(I. INTRODUÇÃO)
Trataremos neste domingo acerca de um tema em risco de extinção no atual vocabulário cristão. Desde que os princípios do pós-modernismo encontraram lugar no seio da igreja, qualquer conceito que venha ameaçar o individualismo e a liberdade de escolha quanto ao estilo de vida, comportamento, etc., é logo taxado de arcaico. A dicotomia prática de muitos cristãos gera a ilusão de que a igreja não tem nada a ver com o procedimento ‘secular’ de seus membros.
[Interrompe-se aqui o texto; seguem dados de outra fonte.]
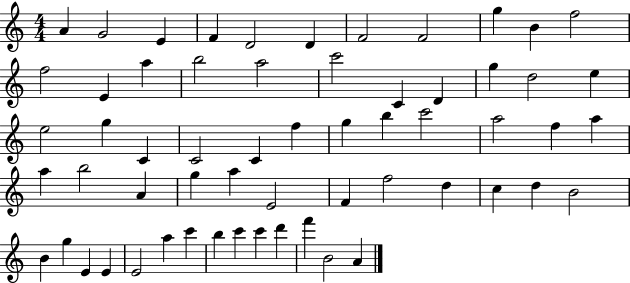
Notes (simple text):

A4/q G4/h E4/q F4/q D4/h D4/q F4/h F4/h G5/q B4/q F5/h F5/h E4/q A5/q B5/h A5/h C6/h C4/q D4/q G5/q D5/h E5/q E5/h G5/q C4/q C4/h C4/q F5/q G5/q B5/q C6/h A5/h F5/q A5/q A5/q B5/h A4/q G5/q A5/q E4/h F4/q F5/h D5/q C5/q D5/q B4/h B4/q G5/q E4/q E4/q E4/h A5/q C6/q B5/q C6/q C6/q D6/q F6/q B4/h A4/q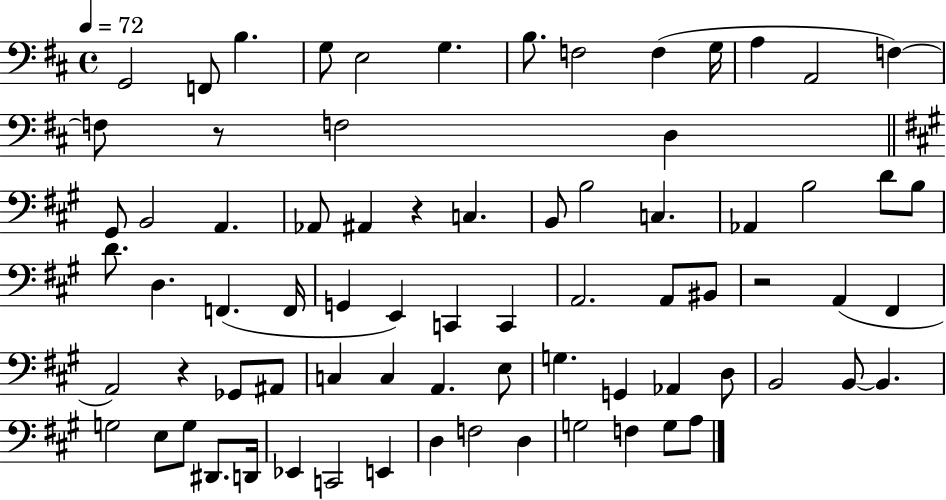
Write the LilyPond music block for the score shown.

{
  \clef bass
  \time 4/4
  \defaultTimeSignature
  \key d \major
  \tempo 4 = 72
  g,2 f,8 b4. | g8 e2 g4. | b8. f2 f4( g16 | a4 a,2 f4~~) | \break f8 r8 f2 d4 | \bar "||" \break \key a \major gis,8 b,2 a,4. | aes,8 ais,4 r4 c4. | b,8 b2 c4. | aes,4 b2 d'8 b8 | \break d'8. d4. f,4.( f,16 | g,4 e,4) c,4 c,4 | a,2. a,8 bis,8 | r2 a,4( fis,4 | \break a,2) r4 ges,8 ais,8 | c4 c4 a,4. e8 | g4. g,4 aes,4 d8 | b,2 b,8~~ b,4. | \break g2 e8 g8 dis,8. d,16 | ees,4 c,2 e,4 | d4 f2 d4 | g2 f4 g8 a8 | \break \bar "|."
}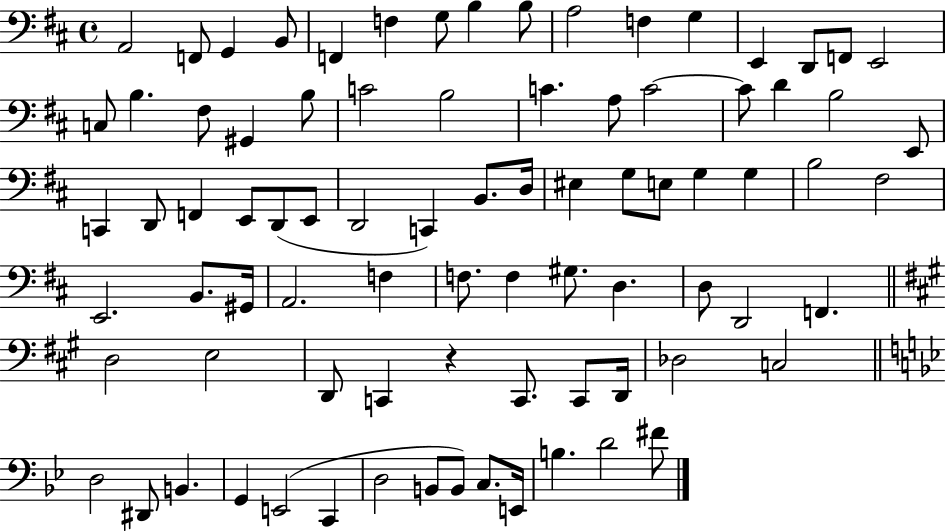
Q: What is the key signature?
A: D major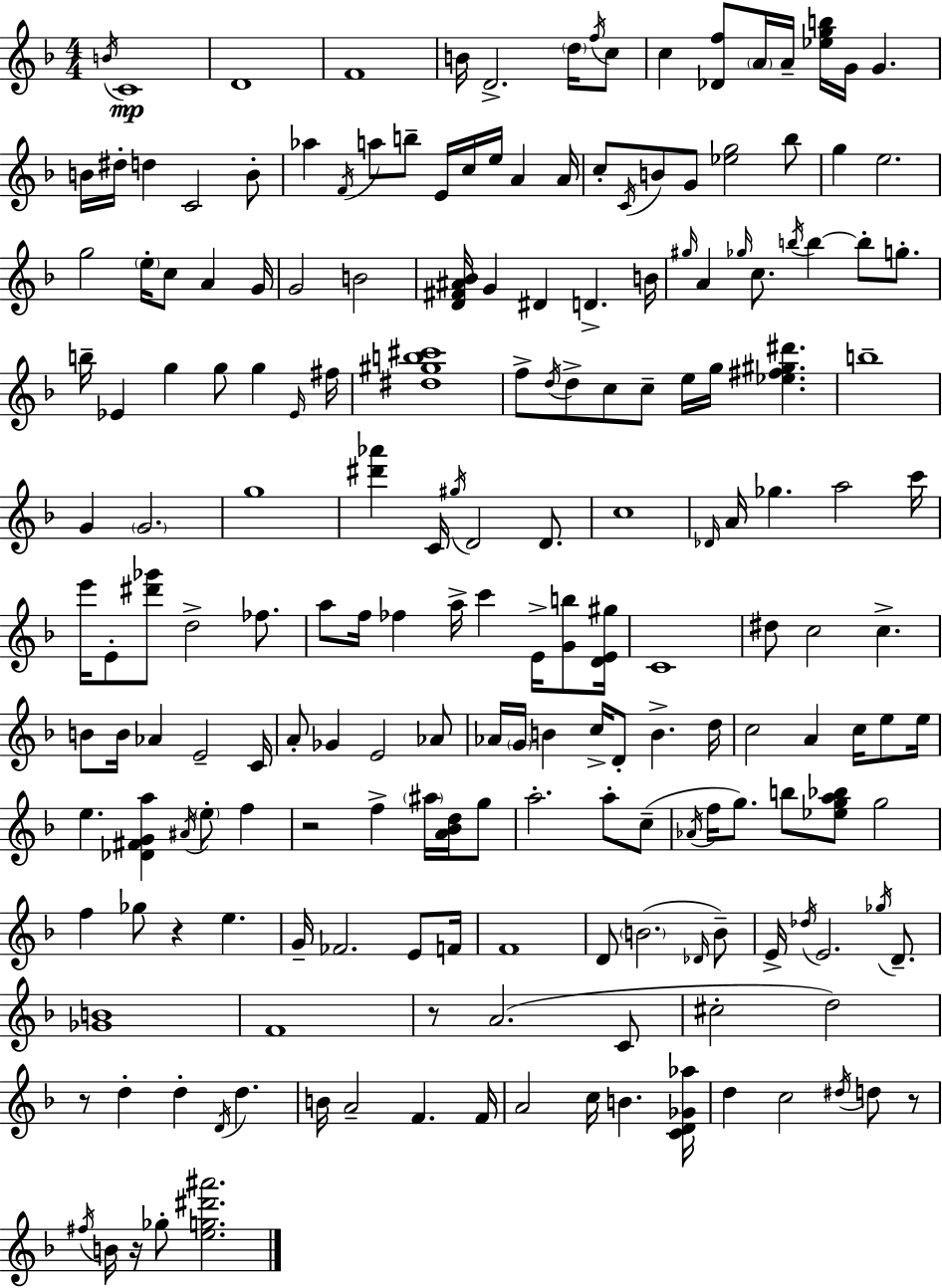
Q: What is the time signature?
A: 4/4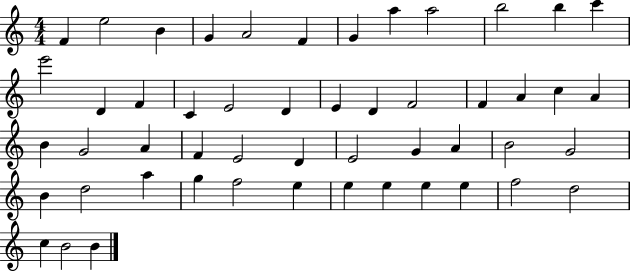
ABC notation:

X:1
T:Untitled
M:4/4
L:1/4
K:C
F e2 B G A2 F G a a2 b2 b c' e'2 D F C E2 D E D F2 F A c A B G2 A F E2 D E2 G A B2 G2 B d2 a g f2 e e e e e f2 d2 c B2 B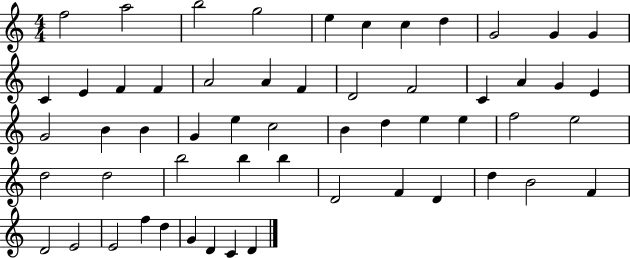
X:1
T:Untitled
M:4/4
L:1/4
K:C
f2 a2 b2 g2 e c c d G2 G G C E F F A2 A F D2 F2 C A G E G2 B B G e c2 B d e e f2 e2 d2 d2 b2 b b D2 F D d B2 F D2 E2 E2 f d G D C D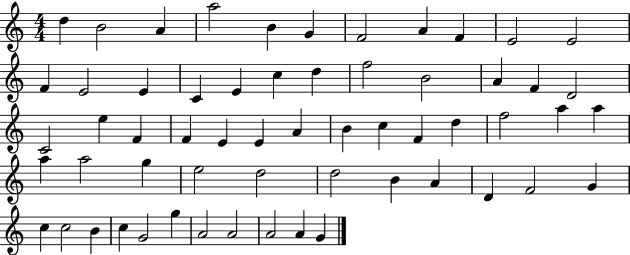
D5/q B4/h A4/q A5/h B4/q G4/q F4/h A4/q F4/q E4/h E4/h F4/q E4/h E4/q C4/q E4/q C5/q D5/q F5/h B4/h A4/q F4/q D4/h C4/h E5/q F4/q F4/q E4/q E4/q A4/q B4/q C5/q F4/q D5/q F5/h A5/q A5/q A5/q A5/h G5/q E5/h D5/h D5/h B4/q A4/q D4/q F4/h G4/q C5/q C5/h B4/q C5/q G4/h G5/q A4/h A4/h A4/h A4/q G4/q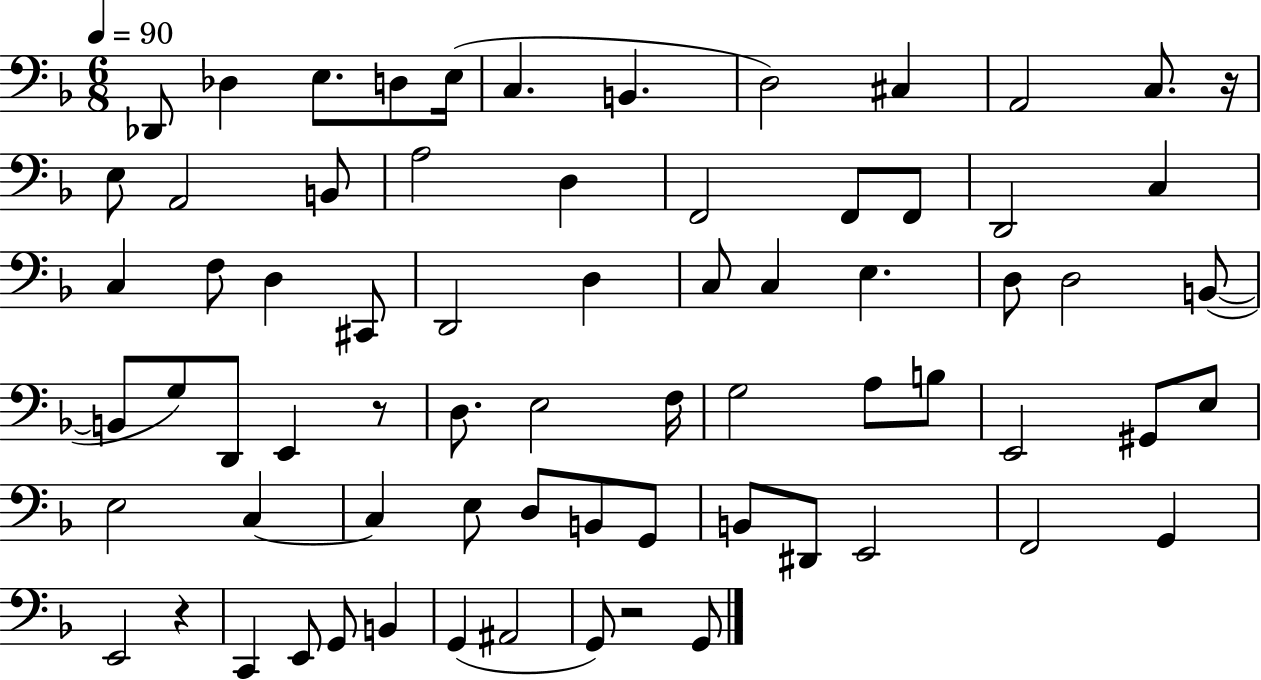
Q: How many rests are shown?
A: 4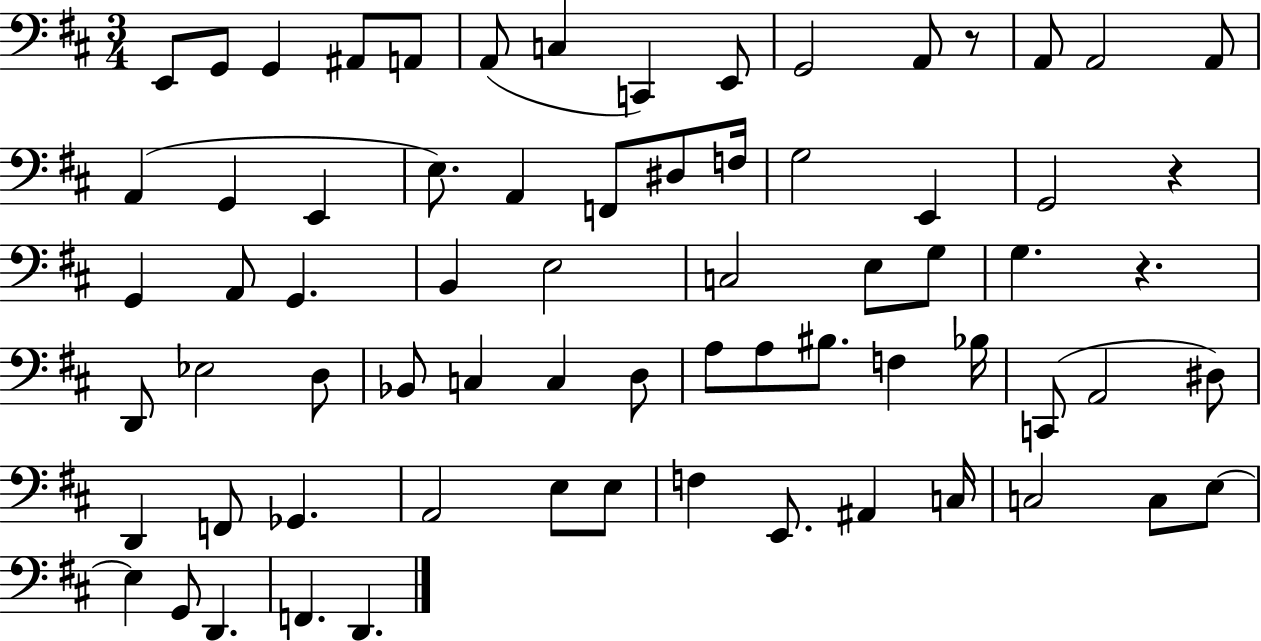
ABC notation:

X:1
T:Untitled
M:3/4
L:1/4
K:D
E,,/2 G,,/2 G,, ^A,,/2 A,,/2 A,,/2 C, C,, E,,/2 G,,2 A,,/2 z/2 A,,/2 A,,2 A,,/2 A,, G,, E,, E,/2 A,, F,,/2 ^D,/2 F,/4 G,2 E,, G,,2 z G,, A,,/2 G,, B,, E,2 C,2 E,/2 G,/2 G, z D,,/2 _E,2 D,/2 _B,,/2 C, C, D,/2 A,/2 A,/2 ^B,/2 F, _B,/4 C,,/2 A,,2 ^D,/2 D,, F,,/2 _G,, A,,2 E,/2 E,/2 F, E,,/2 ^A,, C,/4 C,2 C,/2 E,/2 E, G,,/2 D,, F,, D,,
Nessa ‘nova era’ antropocêntrica, a igreja é vista como uma organização altamente dependente do indivíduo, e que precisa conservá-lo ao custo de várias exceções. O medo da impopularidade leva muitos líderes à cumplicidade e pecados são justificados em nome de uma atitude mais ‘humana’. Por outro lado, o que dizer daqueles que, em nome do zelo pela disciplina, cometeram injustiças e causaram mais males que bens? Quantas almas pereceram por causa de uma aplicabilidade incoerente da disciplina que iguala usos e costumes à doutrina? Porém, o que acontece com uma igreja sem disciplina? O objetivo desta lição é delinear alguns fatores da importância da disciplina eclesiástica entre os membros do corpo de Cristo. Temos plena consciência de que um artigo como este não coloca um ponto final no diálogo sobre o assunto. O exercício da disciplina na igreja é algo tão importante que o reformador João Calvino a considerou, ao lado da proclamação da Palavra e da administração dos sacramentos, uma das marcas que distinguem a igreja verdadeira da falsa. Ou seja, na igreja falsa não somente está ausente a pregação das inspiradas Escrituras e os sacramentos [*](batismo e Ceia do senhor) são antibíblicos, ou incorretamente administrados, mas ela é negligente, também, na preservação de sua pureza moral e doutrinária. Boa aula!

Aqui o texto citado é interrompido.